A pergunta é: como um banquinho (ainda que extraordinariamente lucrativo) conseguiu comprar um bancão (ainda que extraordinariamente quebrado)?
Primeira constatação: é um típico negócio improvável. Para começo de convera, é possível que nove entre dez clientes do Econômico, na Bahia ou em qualquer outra região do país, nem sequer tenham ouvido falar do Excel. Muito menos de Ezequiel Nasser. O banco controlado por Ezequiel e sua família possuía apenas uma agência de rua. Ficva situada no térreo do prédio que servia de sede ao Excel, na Rua Augusta, Zona Sul de São Paulo. Suas outras nove agências estavam todas localizadas em escritórios comerciais, sem porta para a rua.
O Excel comprou, porém, a chamada parte boa do Econômico. Em ativos, levou o equivalente a apenas uma vez o seu tamanho de então. Com a soma dos ativos herdados do velho Econômico e do Excel, o novo banco passou a ser um dos quinze maiores. Faziam parte do pacote também as agências e os quase 10.000 funcionários do Econômico, além de uma corretora e uma distribuidora de valores do grupo.
Evidentemente que a operação foi cercada de variados rumores em torno de propaladas irregularidades.
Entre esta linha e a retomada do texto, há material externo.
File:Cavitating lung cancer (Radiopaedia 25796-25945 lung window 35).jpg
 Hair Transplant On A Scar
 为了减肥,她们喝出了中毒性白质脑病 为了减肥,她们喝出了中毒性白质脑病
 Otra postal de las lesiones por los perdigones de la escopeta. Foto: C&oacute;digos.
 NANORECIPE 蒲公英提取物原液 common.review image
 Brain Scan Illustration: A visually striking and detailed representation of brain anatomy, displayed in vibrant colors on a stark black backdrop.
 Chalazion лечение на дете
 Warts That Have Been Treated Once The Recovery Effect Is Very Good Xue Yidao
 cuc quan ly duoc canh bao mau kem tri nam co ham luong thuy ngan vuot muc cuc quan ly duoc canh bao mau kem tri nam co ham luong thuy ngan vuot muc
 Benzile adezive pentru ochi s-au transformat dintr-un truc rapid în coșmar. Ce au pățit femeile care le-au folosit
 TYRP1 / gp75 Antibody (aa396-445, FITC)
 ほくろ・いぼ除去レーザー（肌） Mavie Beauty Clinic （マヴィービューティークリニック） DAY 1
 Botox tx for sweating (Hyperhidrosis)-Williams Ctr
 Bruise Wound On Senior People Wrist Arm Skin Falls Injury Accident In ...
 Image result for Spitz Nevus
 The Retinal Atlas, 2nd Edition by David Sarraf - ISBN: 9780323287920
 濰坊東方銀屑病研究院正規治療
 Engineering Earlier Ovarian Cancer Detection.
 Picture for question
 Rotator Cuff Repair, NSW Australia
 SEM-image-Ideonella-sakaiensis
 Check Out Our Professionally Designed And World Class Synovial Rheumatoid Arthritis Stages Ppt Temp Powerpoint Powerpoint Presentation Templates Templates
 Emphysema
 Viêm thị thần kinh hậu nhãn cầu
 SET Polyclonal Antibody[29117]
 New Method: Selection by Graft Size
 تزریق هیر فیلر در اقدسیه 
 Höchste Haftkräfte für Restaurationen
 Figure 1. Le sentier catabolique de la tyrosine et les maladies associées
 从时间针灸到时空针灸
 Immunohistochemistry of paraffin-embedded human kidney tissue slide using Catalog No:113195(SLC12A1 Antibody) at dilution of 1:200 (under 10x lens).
Nas prais de Salvador, chegou-se a difundir até o boato de que Ângelo Calmon de Sá estaria por trás do negócio. No mundo das coisa práticas, o fato concreto é que a operação produziu alívio em massa. Alívio no governo, que se livra de um abacaxi bilionário. E alívio sobretudo de 1,2 milhão de depositantes do Econômico, para os quais ressuscita um dinheiro que parecera morto. Se foi um grande negócio para o Excel, isso o futuro diria.
Numa operação que chamou a atenção dos analistas, Ezequiel comprou o que seria a sede do Excel por 7,5 milhões de dólares. Fez o pagamento em dinheiro um dia antes do feriado bancário que antecedeu o bloqueio dos ativos financeiros, em março de 1990.
Ezequiel não participou diretamente das negociações para a compra do Econômico. Quem as comandou pelo Excel foi o vice-presidente Gilberto Nobre. Ex-diretor do Banco Central, Nobre negociou por diversas vezes a dívida externa brasileira com o comitê de bancos credores. Ezequiel acompanhava tudo pelo telefone. Sua confiança no sucesso do negócio parecia ser tão grande que ele não alterou sequer seus planos de férias. No final de dezembro de 1995, no auge da negociação com o BC, voou para Aspen, a estação de esqui do Colorado. Um número considerável de horas de suas férias foi gasto em conferências pelo telefone com os executivos do Excel. Quando o anúncio do negócio foi feito pelo Banco Central, na primeira sexta-feira de 1996, colocando um ponto final em três meses de negociações que entravam madrugada adentro, Ezequiel ainda estava em Aspen, com a mulher e seus três filhos.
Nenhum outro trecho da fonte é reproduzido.